▸ **PROBLEM DESCRIPTION**: Output exactly the lines from the one containing "Fiskars lawn mower 18 in" through the final line of the entries below, both included, and skip the pictures.

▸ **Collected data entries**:

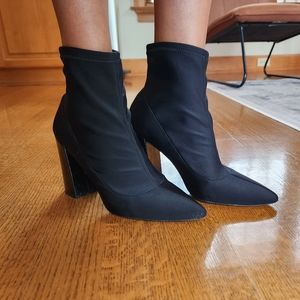 Black Bata Boots, Sz 41/ Size 10 - Block Heel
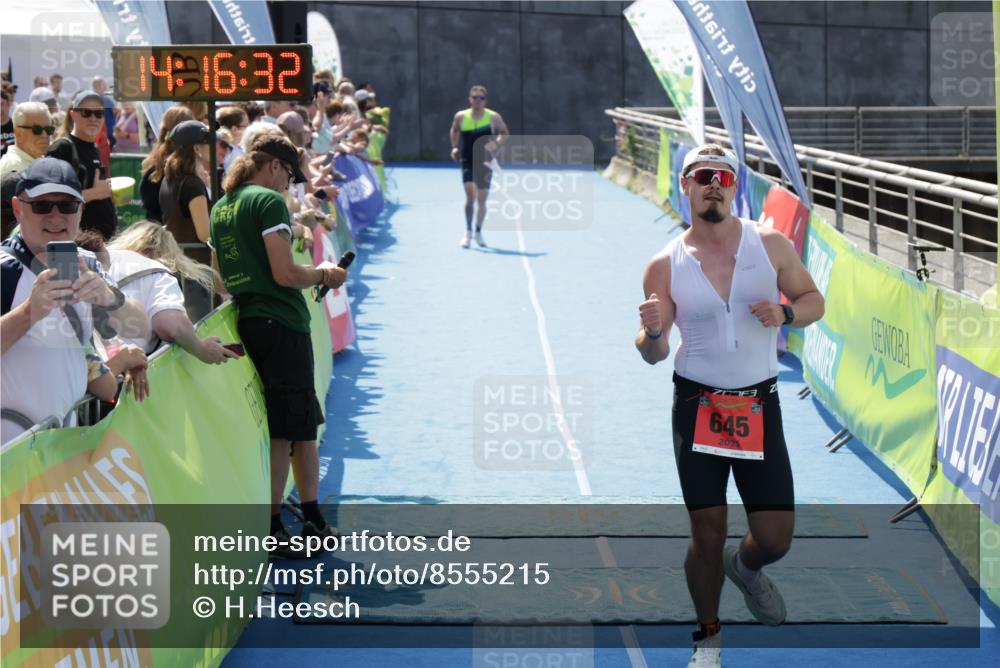 10.08.2025 - GEWOBA Citytriathlon Bremen H.Heesch http://msf.ph/oto/8555215 10.08.2025 14:16:36 Ziel 645, 770 meine-sportfotos.de
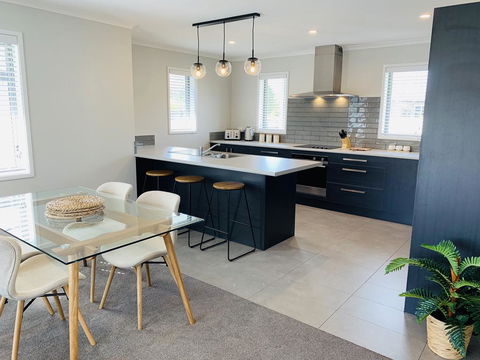 Stunning Brand New Executive Home - Accommodation New Zealand 0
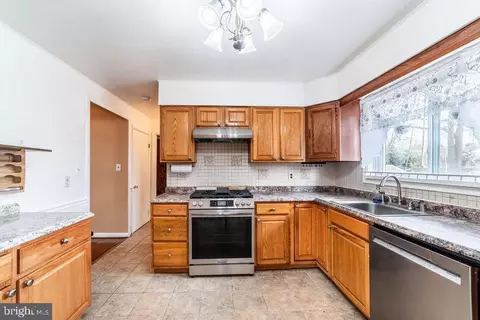 Kitchen - 7021 96th Pl, Lanham, MD 20706 photo 4 of 5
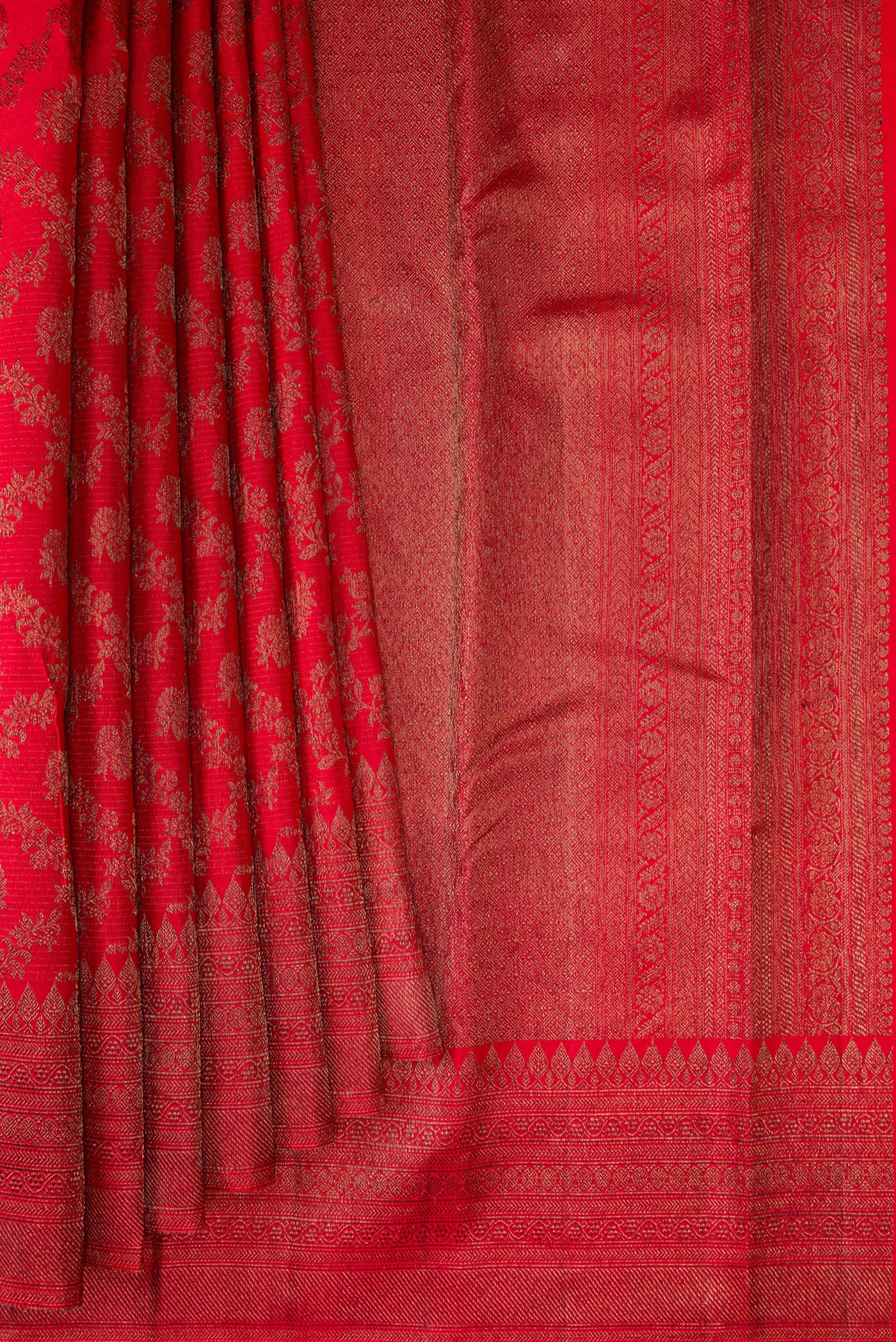 Pleats and pallu of Red Dual Tone Kanjivaram Silk Saree with Jacquard design on the body and Fancy Border. 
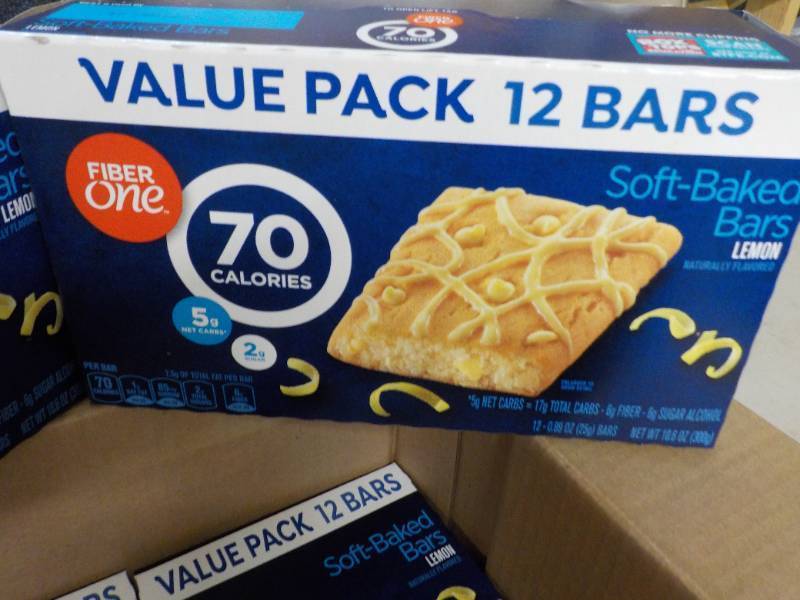 lot 406 image: Case of 4 Boxes Fiber One Lemon Bar...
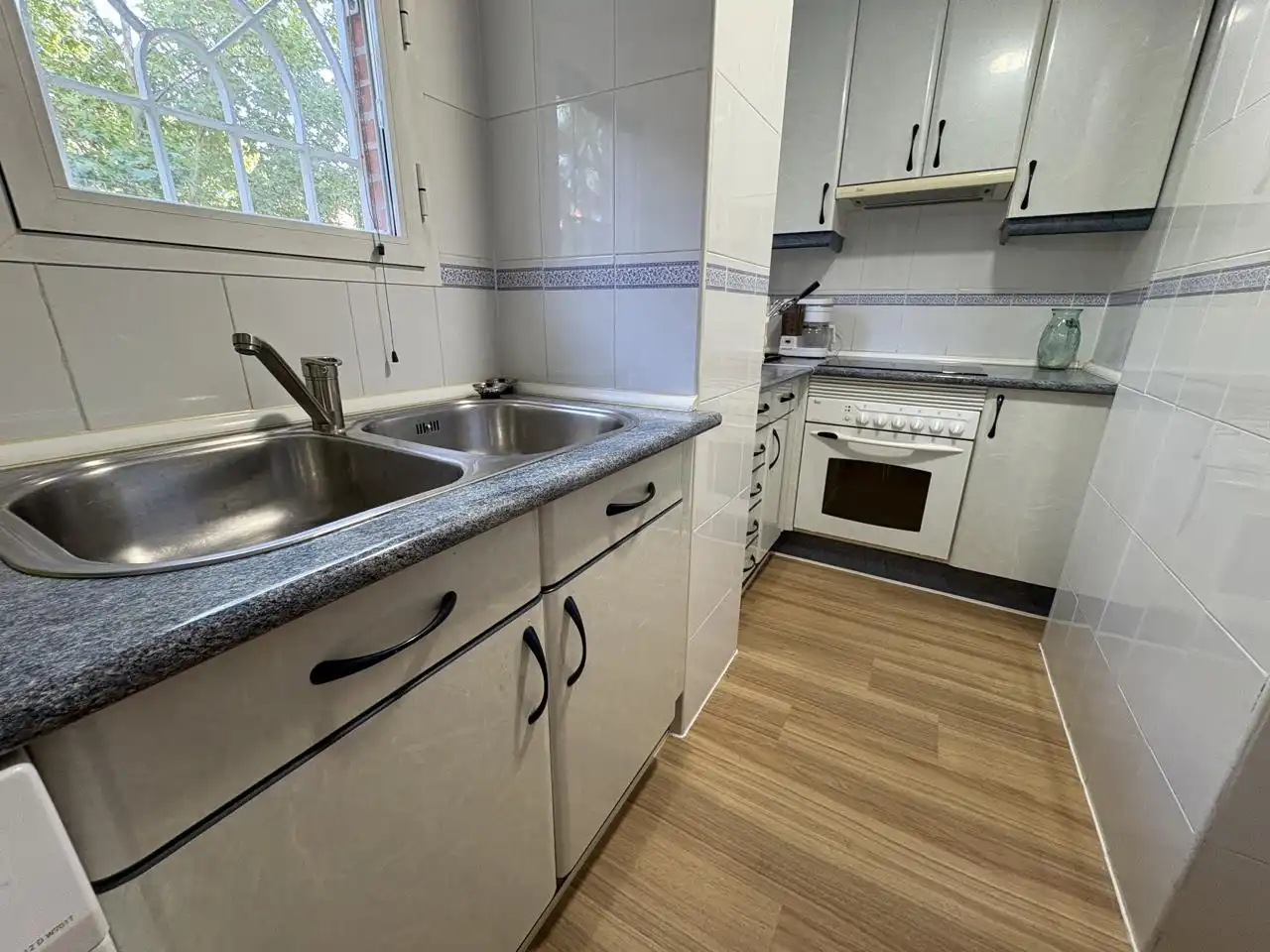 Wohnung zur Miete in Calle Ramón María del Valle Inclán, Espartales
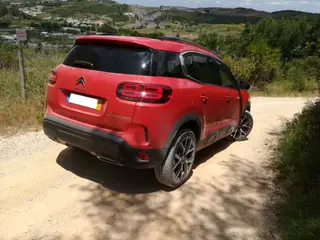 Para baixo todos os santos ajudam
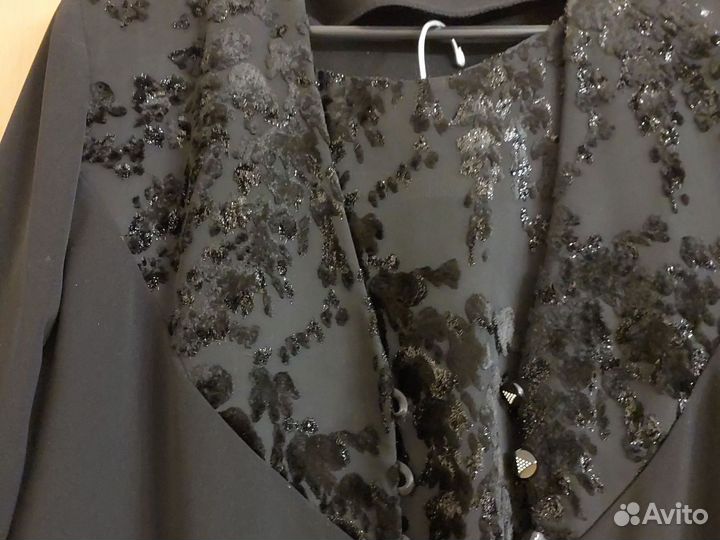 Костюм женский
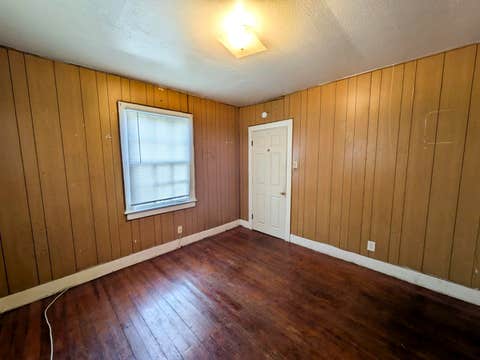 Photo of 690 1/2 W Irby St, Beaumont, TX 77705 (MLS # 269368)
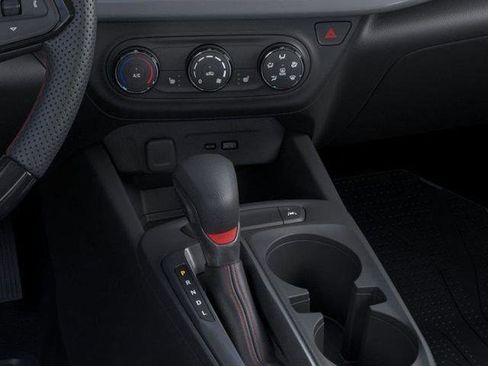 New 2025 Chevrolet Trax RS w/ Sunroof Package image 29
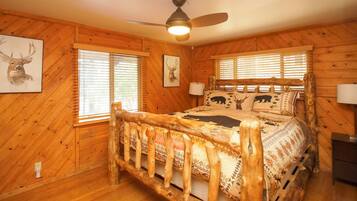 Cabin, 2 Bedrooms | Free WiFi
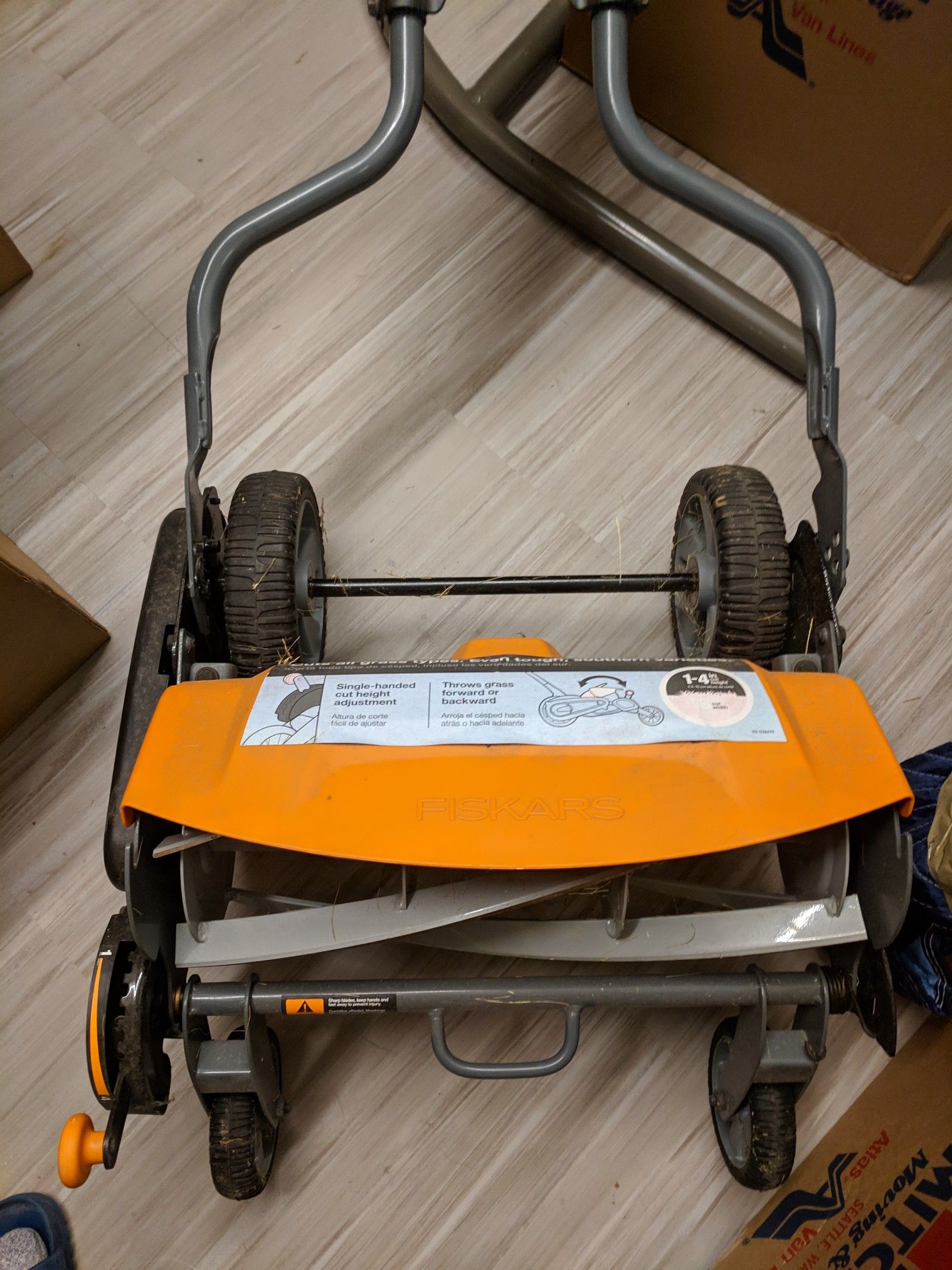 Fiskars lawn mower 18 in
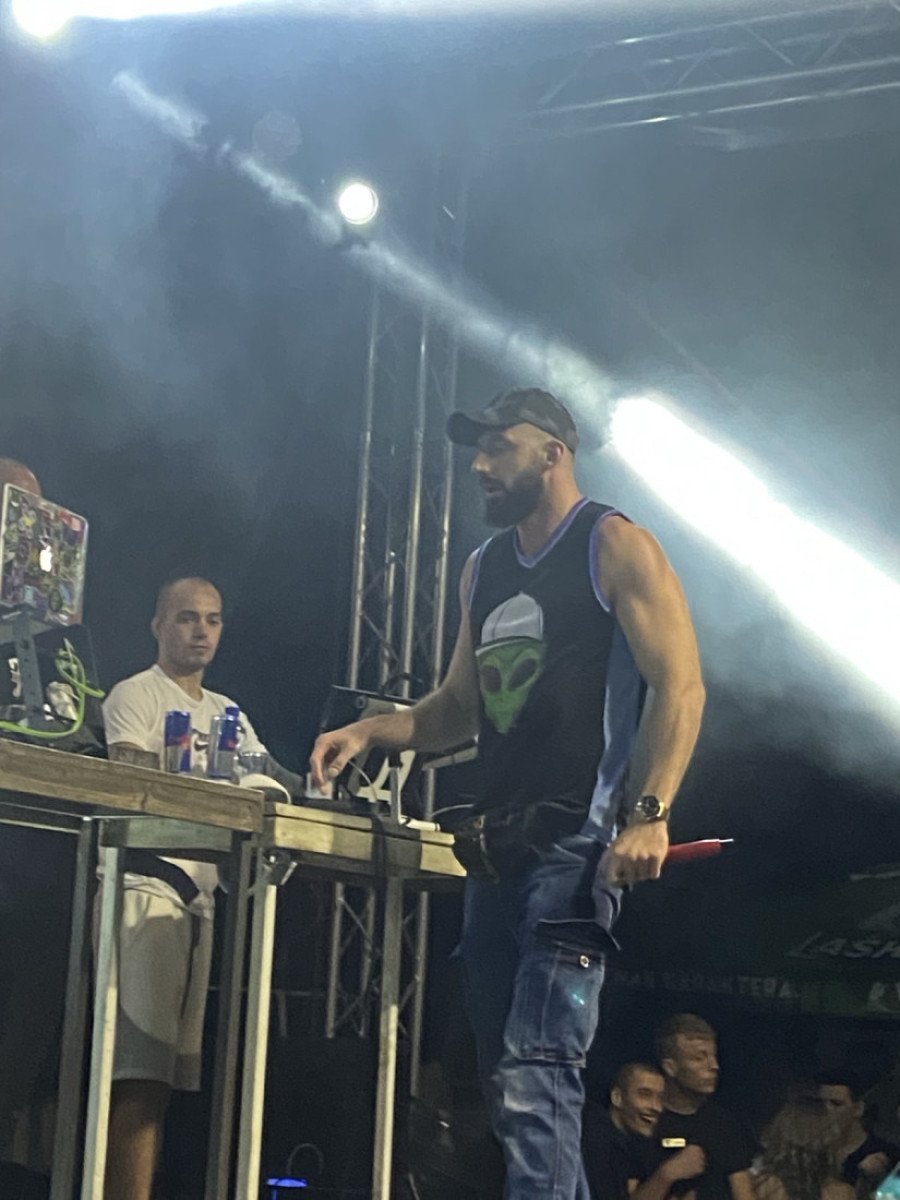 Đeksonova neviđena transformacija! Pretvorio se u zver: "Obim bicepsa mi je 44!" (FOTO)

▸ **EXERCISE OUTPUT**:
 Fiskars lawn mower 18 in
 Đeksonova neviđena transformacija! Pretvorio se u zver: "Obim bicepsa mi je 44!" (FOTO)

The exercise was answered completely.